Fabrizio Di Mauro

Personal information
- Date of birth: 18 June 1965 (age 59)
- Place of birth: Rome, Italy
- Height: 1.75 m (5 ft 9 in)
- Position(s): Midfielder

Senior career*
- Years: Team / Apps / (Gls)
- 1983–1992: Roma / 95 / (5)
- 1984–1987: → Arezzo (loan) / 72 / (6)
- 1987–1988: → Avellino (loan) / 18 / (2)
- 1992–1995: Fiorentina / 57 / (9)
- 1993–1994: → Lazio (loan) / 21 / (2)
- 1995–1996: Reggiana / 16 / (0)
- Total:  / 279 / (24)

International career
- 1993: Italy / 3 / (0)

= Fabrizio Di Mauro =

Italian footballer

Fabrizio Di Mauro (/it/; born 18 June 1965) is an Italian former professional footballer who played as a midfielder.

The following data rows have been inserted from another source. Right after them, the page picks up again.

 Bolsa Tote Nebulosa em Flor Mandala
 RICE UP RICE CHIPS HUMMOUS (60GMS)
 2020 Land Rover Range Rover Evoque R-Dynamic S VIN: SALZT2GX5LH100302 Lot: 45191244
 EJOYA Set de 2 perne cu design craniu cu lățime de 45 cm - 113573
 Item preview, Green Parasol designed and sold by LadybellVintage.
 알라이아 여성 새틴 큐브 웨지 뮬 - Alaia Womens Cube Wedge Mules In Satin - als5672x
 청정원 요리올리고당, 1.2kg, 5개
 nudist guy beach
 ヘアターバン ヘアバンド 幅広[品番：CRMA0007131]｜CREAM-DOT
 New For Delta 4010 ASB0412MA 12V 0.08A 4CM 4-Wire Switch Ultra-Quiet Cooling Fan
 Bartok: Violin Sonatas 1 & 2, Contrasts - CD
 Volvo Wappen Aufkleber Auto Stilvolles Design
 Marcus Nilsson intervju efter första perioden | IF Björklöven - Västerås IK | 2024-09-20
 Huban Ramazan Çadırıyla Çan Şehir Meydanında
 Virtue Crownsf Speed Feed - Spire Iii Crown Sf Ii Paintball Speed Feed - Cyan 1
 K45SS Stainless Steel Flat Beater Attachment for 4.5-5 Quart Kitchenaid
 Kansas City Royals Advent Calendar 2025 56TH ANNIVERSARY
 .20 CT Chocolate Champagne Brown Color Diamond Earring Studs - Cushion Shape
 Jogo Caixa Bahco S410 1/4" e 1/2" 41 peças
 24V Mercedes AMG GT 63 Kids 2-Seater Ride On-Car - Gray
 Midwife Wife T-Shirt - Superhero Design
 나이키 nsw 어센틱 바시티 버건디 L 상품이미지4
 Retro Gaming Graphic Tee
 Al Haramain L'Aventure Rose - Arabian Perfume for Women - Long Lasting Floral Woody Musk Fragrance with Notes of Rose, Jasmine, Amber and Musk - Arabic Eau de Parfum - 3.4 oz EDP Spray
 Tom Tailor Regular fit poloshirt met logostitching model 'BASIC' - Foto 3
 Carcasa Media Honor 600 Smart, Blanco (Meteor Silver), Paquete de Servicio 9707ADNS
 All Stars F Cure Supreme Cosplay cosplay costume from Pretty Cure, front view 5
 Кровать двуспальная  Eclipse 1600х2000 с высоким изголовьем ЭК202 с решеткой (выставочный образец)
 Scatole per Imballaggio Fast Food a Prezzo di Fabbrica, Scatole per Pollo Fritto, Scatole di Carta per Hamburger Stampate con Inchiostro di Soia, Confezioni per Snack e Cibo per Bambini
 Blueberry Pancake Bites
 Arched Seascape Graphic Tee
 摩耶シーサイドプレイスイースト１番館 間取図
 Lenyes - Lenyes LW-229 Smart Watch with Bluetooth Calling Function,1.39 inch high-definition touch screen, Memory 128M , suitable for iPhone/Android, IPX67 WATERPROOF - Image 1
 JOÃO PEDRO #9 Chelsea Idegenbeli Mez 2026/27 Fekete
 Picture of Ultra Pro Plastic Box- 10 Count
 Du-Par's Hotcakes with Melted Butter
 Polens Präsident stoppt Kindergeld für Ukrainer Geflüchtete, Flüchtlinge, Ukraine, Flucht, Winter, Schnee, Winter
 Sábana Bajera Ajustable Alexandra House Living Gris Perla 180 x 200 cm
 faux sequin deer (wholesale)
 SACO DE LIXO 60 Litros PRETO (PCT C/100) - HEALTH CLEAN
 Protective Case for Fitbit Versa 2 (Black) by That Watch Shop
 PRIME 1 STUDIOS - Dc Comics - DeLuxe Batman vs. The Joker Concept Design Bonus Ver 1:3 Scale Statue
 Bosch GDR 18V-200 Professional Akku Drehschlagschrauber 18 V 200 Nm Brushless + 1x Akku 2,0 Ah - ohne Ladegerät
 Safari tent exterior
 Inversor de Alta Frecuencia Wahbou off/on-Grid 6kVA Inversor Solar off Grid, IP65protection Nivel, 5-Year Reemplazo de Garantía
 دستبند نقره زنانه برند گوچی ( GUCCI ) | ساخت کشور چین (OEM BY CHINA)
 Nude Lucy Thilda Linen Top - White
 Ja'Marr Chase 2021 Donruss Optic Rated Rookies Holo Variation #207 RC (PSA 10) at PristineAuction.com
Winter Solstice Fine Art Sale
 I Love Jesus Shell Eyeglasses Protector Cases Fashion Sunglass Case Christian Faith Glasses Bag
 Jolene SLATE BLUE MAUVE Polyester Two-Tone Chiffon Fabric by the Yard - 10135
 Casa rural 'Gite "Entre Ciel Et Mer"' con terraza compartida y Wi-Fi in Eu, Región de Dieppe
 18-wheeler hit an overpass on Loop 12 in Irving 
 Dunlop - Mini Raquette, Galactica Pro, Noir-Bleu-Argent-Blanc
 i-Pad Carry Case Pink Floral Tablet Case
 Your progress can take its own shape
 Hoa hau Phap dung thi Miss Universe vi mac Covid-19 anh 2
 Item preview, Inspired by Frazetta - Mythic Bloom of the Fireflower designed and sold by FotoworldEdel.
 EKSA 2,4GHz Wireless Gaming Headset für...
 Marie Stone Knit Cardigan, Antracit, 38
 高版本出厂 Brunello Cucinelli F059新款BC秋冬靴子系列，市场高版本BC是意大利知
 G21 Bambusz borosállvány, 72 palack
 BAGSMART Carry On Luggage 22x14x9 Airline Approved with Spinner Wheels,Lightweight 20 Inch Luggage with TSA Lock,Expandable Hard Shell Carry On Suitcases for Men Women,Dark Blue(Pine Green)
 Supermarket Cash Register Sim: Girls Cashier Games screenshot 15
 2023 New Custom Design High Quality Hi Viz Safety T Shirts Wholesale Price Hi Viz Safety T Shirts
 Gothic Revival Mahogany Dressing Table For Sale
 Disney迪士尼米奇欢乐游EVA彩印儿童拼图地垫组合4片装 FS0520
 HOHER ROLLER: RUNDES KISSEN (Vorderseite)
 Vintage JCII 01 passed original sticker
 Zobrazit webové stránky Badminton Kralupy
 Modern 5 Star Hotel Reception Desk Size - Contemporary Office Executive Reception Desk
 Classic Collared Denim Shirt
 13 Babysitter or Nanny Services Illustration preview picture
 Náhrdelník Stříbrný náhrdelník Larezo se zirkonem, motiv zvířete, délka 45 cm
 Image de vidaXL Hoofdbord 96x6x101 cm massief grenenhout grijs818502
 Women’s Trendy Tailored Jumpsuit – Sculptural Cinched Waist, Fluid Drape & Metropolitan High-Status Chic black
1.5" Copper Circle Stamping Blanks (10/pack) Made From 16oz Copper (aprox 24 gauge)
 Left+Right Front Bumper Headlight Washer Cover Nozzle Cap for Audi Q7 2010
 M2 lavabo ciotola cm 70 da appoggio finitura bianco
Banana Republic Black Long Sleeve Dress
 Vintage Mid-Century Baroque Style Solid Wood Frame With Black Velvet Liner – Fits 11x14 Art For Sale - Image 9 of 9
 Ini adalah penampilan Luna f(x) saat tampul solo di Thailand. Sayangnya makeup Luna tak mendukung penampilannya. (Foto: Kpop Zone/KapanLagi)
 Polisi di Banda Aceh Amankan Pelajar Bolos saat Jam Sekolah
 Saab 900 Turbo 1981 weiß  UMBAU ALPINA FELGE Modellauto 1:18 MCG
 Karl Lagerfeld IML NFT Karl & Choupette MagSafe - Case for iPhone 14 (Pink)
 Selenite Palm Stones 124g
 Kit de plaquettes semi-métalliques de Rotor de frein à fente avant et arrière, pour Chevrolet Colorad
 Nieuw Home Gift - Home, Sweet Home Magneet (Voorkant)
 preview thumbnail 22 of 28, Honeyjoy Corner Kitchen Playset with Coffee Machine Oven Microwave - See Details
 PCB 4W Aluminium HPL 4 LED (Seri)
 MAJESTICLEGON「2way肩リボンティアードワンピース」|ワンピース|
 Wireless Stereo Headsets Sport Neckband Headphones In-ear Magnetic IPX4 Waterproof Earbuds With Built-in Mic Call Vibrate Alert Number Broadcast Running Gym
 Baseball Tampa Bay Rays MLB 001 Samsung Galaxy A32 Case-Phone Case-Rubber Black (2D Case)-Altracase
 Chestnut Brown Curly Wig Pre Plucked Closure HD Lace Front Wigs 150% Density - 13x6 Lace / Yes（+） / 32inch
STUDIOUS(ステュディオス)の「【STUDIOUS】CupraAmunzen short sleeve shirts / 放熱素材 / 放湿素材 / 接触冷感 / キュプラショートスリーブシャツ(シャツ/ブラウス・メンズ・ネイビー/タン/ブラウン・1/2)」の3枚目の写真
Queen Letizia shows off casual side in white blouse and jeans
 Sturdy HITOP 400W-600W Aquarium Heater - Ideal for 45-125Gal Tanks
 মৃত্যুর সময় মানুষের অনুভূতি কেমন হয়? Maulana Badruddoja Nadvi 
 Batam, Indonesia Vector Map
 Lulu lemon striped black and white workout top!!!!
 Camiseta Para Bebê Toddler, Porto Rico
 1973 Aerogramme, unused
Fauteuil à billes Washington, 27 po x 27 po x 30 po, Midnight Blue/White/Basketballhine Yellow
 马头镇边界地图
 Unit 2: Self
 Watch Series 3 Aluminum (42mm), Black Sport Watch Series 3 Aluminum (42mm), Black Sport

He is among the few players to play for both Roma and Lazio at senior level, winning his only honour with Roma in 1991, when the side won the Coppa Italia, also reaching the UEFA Cup final, only to lose out to Inter. He also spent a few seasons at Fiorentina, while he won three international caps with the Italy national football team, although he was not able to scorer any international goals. He was included in the Italy national squad during the team's qualification campaign for the 1994 FIFA World Cup, but was not picked for the final squad, following a lack of regular match-practice with Lazio the same season.